EXERCISE AIM:
Once you reach the line with "Jovem músico caucasiano" below, copy each line exactly, stopping after the line with "popcorn bucket made", and skip any pictures.

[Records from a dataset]
[Start of section]
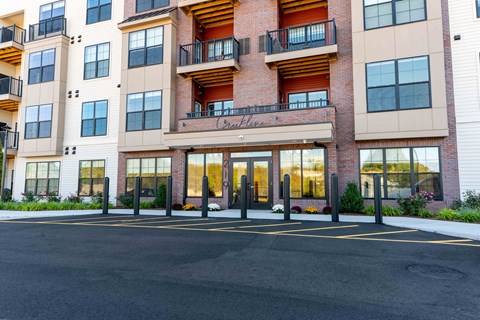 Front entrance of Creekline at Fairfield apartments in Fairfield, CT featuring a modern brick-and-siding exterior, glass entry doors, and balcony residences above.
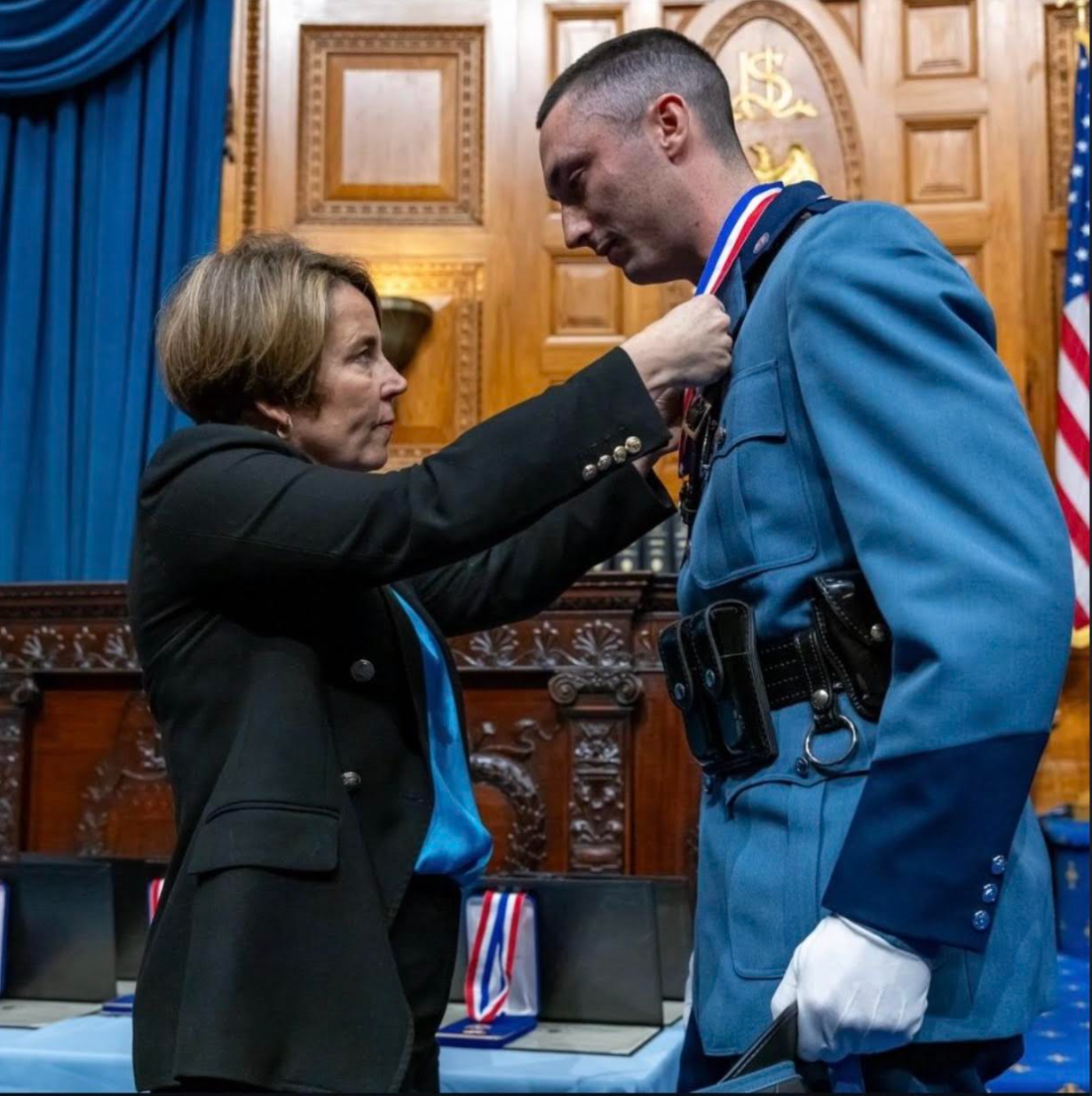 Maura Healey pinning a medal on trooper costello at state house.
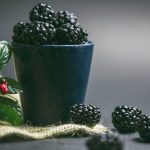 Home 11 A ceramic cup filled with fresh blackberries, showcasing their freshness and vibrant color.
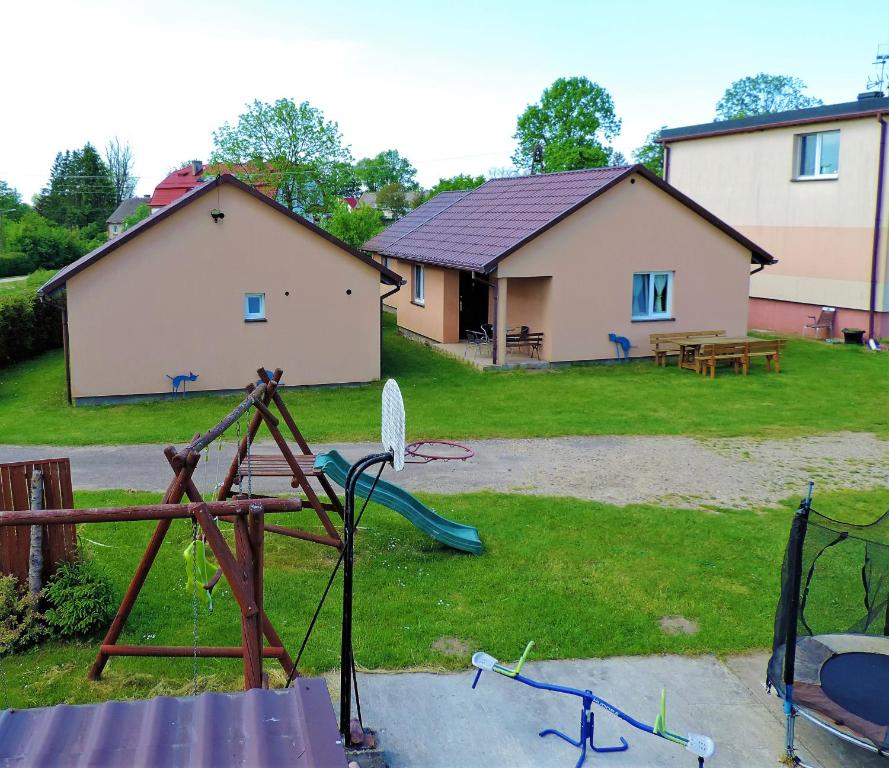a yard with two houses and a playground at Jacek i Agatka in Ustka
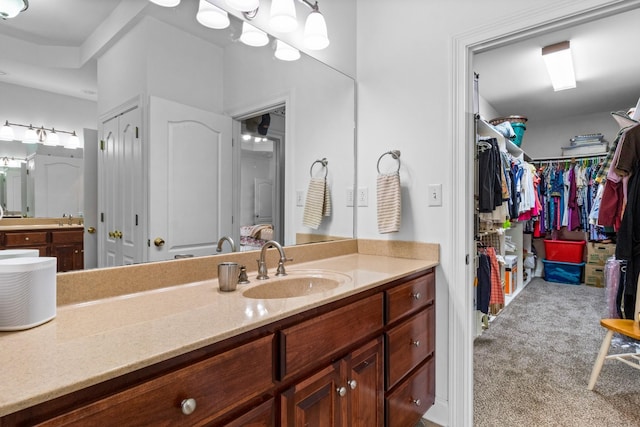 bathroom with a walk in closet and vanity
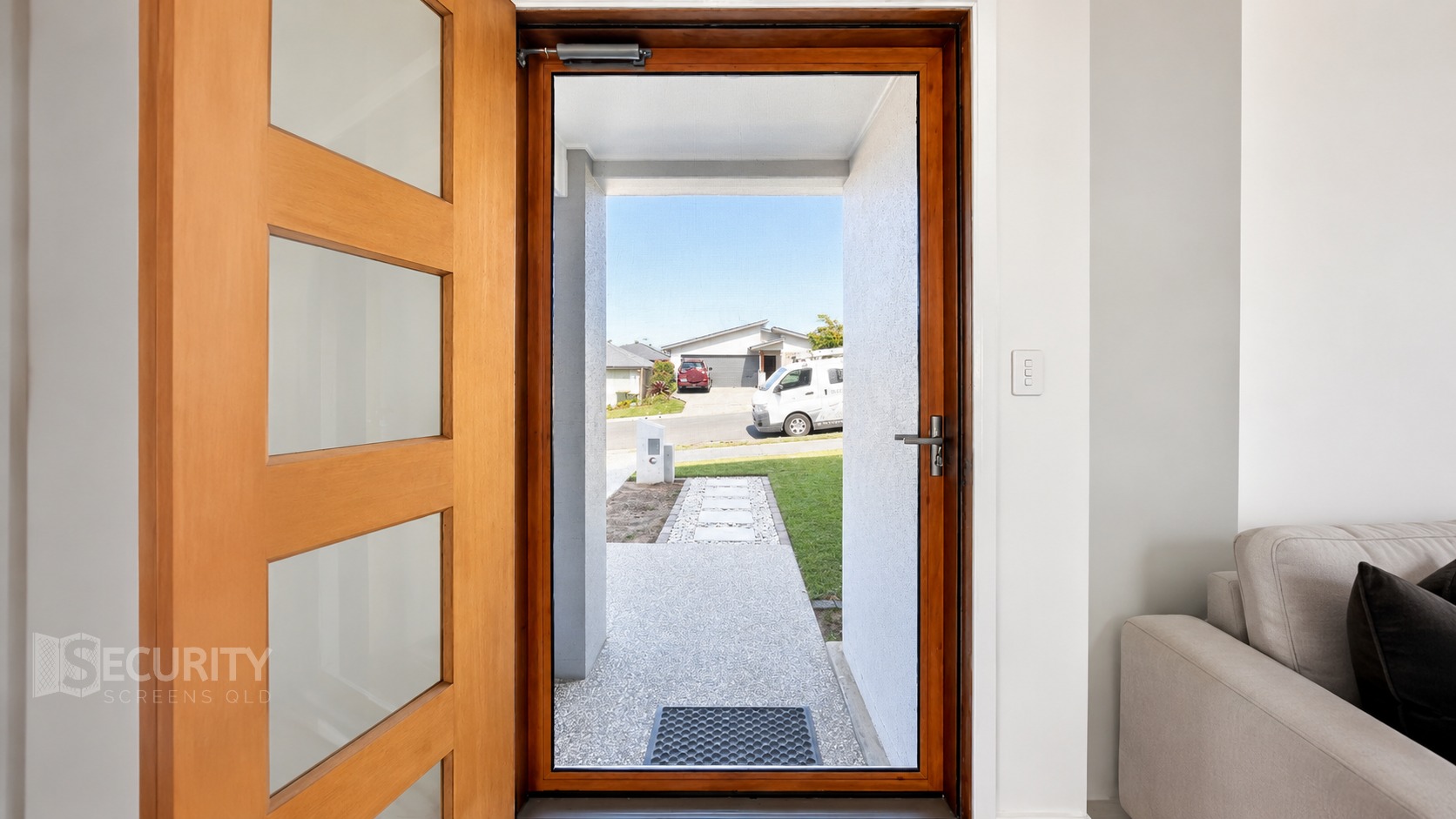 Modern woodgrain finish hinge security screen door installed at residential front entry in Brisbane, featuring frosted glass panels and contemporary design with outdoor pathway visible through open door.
[End of section]
[Start of section]
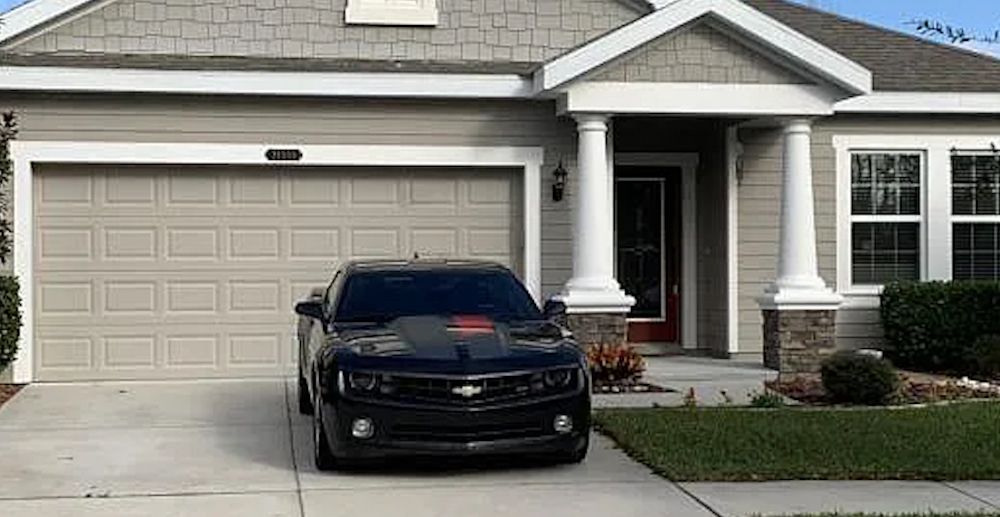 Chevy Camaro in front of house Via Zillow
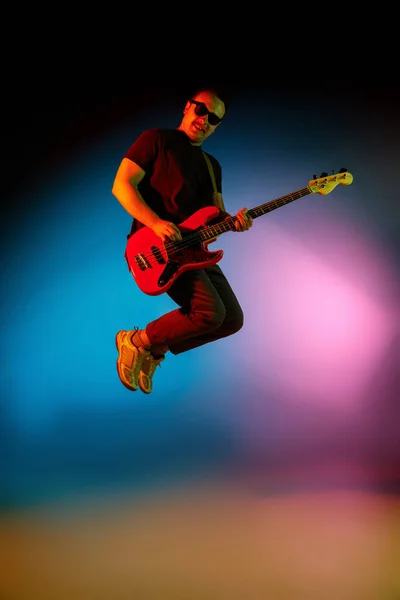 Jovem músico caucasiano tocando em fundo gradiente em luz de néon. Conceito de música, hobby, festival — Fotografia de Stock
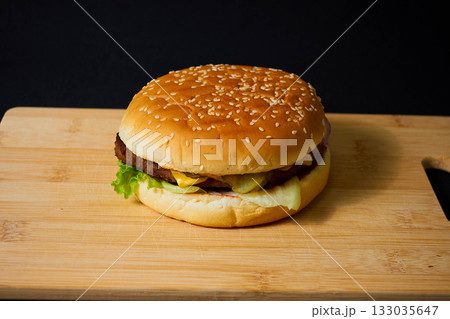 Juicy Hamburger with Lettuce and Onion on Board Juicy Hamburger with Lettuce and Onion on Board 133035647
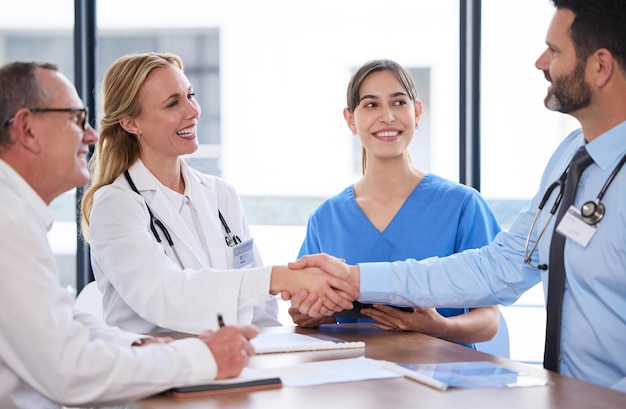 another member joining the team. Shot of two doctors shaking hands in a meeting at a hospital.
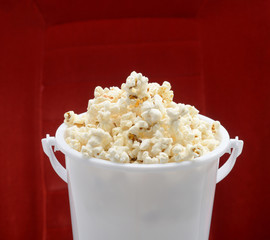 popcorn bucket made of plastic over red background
[End of section]
SOLUTION FOR THIS TASK:
 Jovem músico caucasiano tocando em fundo gradiente em luz de néon. Conceito de música, hobby, festival — Fotografia de Stock
 Juicy Hamburger with Lettuce and Onion on Board Juicy Hamburger with Lettuce and Onion on Board 133035647
 another member joining the team. Shot of two doctors shaking hands in a meeting at a hospital.
 popcorn bucket made of plastic over red background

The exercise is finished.